Using the material that follows, output exactly the lines from the one containing "Spacious bathroom featuring" through the one containing "Woman performs early", with both ends kept.

### Input records

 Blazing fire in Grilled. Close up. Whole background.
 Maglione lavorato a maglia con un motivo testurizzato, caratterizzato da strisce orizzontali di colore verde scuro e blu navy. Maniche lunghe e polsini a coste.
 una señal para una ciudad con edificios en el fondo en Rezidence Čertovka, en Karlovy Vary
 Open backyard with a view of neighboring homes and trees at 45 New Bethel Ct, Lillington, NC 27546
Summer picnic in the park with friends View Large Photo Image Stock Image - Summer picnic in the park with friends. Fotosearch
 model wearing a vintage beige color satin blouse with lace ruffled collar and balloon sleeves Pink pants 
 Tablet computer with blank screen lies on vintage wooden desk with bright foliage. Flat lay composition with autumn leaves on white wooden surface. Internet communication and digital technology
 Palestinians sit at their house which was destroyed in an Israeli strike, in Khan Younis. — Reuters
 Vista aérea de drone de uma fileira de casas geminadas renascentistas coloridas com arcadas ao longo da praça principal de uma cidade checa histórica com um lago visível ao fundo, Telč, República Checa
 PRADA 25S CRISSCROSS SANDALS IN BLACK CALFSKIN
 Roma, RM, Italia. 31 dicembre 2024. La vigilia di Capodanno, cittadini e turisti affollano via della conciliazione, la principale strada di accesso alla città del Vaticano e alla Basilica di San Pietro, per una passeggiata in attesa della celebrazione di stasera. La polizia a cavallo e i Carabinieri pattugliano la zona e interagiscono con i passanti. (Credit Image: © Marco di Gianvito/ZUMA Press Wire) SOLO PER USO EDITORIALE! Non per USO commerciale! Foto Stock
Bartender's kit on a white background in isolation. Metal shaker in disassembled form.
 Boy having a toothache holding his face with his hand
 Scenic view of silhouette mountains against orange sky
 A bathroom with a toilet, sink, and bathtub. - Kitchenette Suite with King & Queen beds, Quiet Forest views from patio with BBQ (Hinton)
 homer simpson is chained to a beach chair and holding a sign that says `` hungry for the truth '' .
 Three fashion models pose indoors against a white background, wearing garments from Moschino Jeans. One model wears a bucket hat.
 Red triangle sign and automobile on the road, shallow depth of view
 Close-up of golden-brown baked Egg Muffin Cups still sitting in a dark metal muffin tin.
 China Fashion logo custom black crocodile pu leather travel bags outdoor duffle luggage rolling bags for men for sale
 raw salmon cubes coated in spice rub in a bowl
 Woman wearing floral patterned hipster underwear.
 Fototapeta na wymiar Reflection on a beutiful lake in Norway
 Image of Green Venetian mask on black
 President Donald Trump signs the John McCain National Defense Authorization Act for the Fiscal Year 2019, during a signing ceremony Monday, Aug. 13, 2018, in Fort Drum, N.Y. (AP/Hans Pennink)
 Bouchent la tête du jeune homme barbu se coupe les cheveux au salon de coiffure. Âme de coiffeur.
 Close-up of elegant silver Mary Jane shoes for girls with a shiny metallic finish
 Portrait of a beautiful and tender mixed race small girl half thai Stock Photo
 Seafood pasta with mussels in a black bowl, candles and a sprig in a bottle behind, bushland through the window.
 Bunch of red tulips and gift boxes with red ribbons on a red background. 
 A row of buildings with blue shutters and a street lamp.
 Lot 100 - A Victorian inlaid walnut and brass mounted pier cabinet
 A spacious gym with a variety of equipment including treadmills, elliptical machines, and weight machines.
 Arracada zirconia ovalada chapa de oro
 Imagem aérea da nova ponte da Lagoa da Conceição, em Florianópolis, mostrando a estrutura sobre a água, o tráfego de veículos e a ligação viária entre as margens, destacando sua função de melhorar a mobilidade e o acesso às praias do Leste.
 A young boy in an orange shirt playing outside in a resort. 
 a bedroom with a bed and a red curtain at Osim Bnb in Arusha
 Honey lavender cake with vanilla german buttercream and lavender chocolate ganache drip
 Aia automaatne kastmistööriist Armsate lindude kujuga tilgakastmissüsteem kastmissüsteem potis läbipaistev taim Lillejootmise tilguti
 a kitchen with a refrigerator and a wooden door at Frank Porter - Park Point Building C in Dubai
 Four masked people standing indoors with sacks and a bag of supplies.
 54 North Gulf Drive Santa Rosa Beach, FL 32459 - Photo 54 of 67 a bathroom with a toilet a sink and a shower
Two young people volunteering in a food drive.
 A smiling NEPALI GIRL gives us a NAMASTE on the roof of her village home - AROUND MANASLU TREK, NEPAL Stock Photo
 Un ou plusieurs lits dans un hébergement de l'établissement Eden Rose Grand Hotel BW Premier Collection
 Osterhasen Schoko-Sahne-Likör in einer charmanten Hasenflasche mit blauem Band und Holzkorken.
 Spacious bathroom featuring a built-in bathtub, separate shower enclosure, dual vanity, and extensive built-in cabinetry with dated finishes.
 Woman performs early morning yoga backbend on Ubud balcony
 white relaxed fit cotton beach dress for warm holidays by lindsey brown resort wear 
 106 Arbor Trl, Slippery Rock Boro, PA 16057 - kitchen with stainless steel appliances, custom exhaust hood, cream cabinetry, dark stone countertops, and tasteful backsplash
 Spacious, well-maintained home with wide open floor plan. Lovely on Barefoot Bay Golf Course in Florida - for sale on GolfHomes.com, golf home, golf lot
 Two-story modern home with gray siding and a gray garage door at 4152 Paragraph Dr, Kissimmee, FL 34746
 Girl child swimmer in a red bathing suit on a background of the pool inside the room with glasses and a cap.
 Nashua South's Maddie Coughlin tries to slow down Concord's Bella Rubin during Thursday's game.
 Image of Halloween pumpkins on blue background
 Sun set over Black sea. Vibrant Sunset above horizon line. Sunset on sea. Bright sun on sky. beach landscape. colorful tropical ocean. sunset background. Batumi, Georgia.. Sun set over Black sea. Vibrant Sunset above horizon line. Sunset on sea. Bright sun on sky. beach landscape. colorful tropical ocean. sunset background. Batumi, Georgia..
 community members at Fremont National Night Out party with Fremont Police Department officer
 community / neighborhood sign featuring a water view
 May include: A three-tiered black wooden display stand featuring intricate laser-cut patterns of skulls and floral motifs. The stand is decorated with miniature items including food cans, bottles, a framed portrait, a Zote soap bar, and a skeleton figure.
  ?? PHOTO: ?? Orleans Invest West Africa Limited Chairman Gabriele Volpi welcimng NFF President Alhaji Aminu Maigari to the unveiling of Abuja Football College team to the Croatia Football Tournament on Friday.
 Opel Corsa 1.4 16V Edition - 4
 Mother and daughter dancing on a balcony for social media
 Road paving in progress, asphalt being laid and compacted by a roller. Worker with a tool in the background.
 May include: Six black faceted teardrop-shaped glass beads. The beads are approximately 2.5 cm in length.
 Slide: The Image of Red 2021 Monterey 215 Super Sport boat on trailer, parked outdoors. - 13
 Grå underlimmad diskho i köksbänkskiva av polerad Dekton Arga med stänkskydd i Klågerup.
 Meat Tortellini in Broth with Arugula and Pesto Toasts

######

**Written solution:**
 Spacious bathroom featuring a built-in bathtub, separate shower enclosure, dual vanity, and extensive built-in cabinetry with dated finishes.
 Woman performs early morning yoga backbend on Ubud balcony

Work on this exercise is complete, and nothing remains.